Since June, after finally caving into demands from its largest shareholder, New York-based Centennial Partners, Compton is offering a bundle of attractive assets — 30,700 boe per day of production from assets estimated at 271 million boe entering 2008, although the sale of assets this year for C$212 million has trimmed output by 3,700 boe per day.
But, having missed one of the best opportunities of 2008 to unload the bulk of its holdings, it is fast approaching bargain-basement levels as its shares slide towards C$2 from a 52-week high of C$13.45.
A data room was opened more than a month ago to prospective buyers and Compton indicates it still hopes to conclude a deal this fall. Given the natural gas-levered nature of the company, it is difficult for analysts to agree on a possible outcome.

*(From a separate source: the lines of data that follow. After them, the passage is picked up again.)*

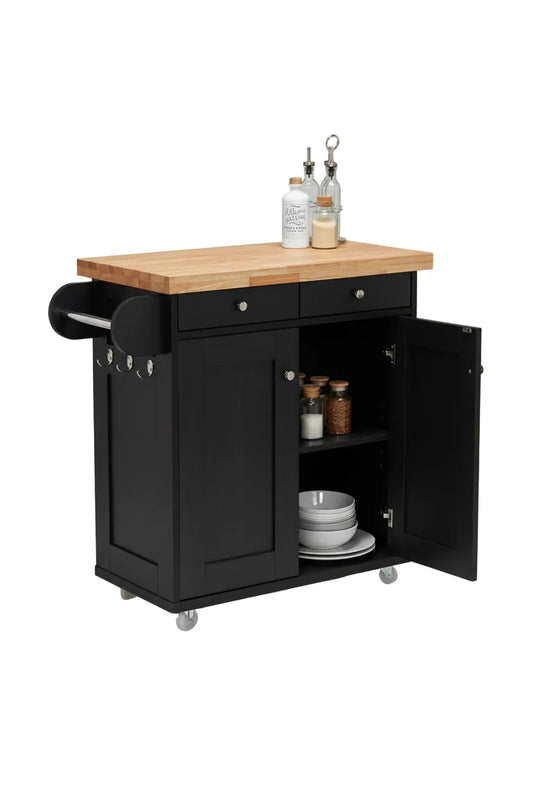Portland serving/storage Island Charcoal
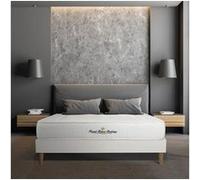 Ensemble matelas a memoire de forme Nottingham 180x200 sommier KIT blanc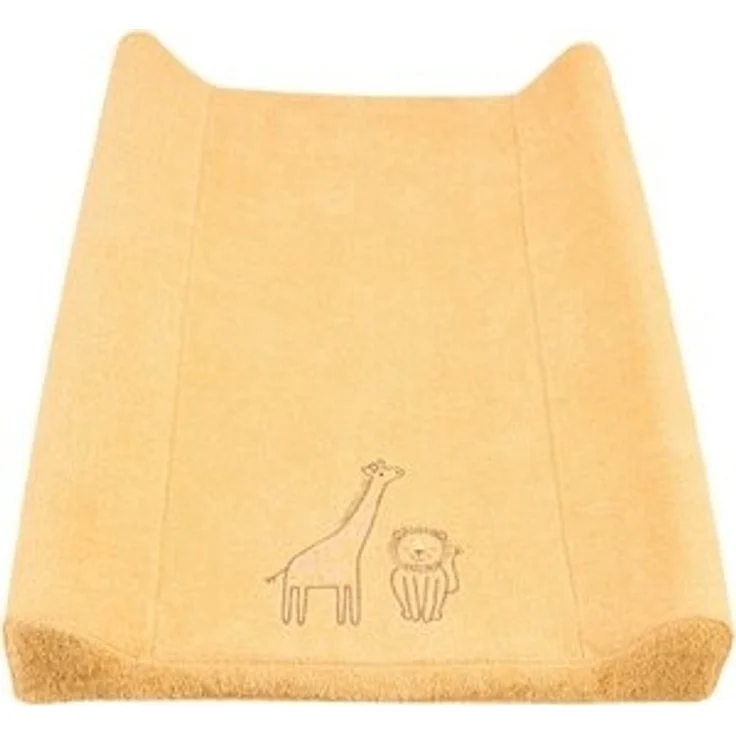 Sterntaler Wickelauflagenbezug Giraffe & Löwe schmal 70x50 cm – weiche Baumwolle mit niedlicher Stickerei – saugfähig und perfekt für den Wickeltisch - Baby Zubehör für Keilwickelauflage, ocker – Bild 6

Ed Giacomelli, managing director of investment banker Crosbie & Co., doubts there will be a sudden M&A feeding frenzy, regardless of the industry’s undervalued state, until there are signs of stability and he has no idea when that might occur.
The one exception might be companies whose lines of credit are about to dry up and have no choice but to chase capital by unloading assets.
Winter drilling hit expected What troubles all sectors is the prospect of the winter drilling season taking its worst hit on record because of the decline in gas prices and uncertainty over oil prices.
Those worries are deepening in the shale gas plays of northeastern British Columbia, where the costs of special completion, stimulation and production methods are compounded by remoteness and a lack of infrastructure.
It’s already a given that Alberta is heading for a bleak winter because of costs, slumping commodity prices and scheduled royalty increases in 2009 (barring a sudden change of heart by the government).
But Alberta is no longer alone. BMO Capital Market analyst Mark Leggett told an energy roundtable this month that rapid growth in the Barnett shale play has changed North American market dynamics, removing any fears of a winter gas shortage.
As a result, he expects many companies will follow Chesapeake Energy’s lead in slashing its budgets through 2010.
Leggett estimated a break-even shale price of $4 in the U.S. would likely be closer to $9 in Alberta and $6.50 in British Columbia.
Roger Soucy, president of the Petroleum Services Association of Canada, said that regardless of any winter price uptick he does not expect higher gas drilling activity.
Thus, although the land holdings and well permits are in hand for better days, the signs point to a continuing drop in gas output after last year’s 6 percent decline.
Now there is the looming threat of oil testing the $80 barrier, which Leggett rates as the marginal supply cost, and causing companies to back off exploration and development programs in hopes of triggering a price recovery.
The drop off in drilling has FirstEnergy forecasting a decline in Western Canada’s field receipt supplies of 416 million cubic feet per day this year and 800 million in 2009, with benchmark AECO spot gas prices for the current quarter — having dropped to $6 per gigajoule in September from $9.03 in July — averaging $7.37, which is scarcely breakeven for many conventional plays in Western Canada.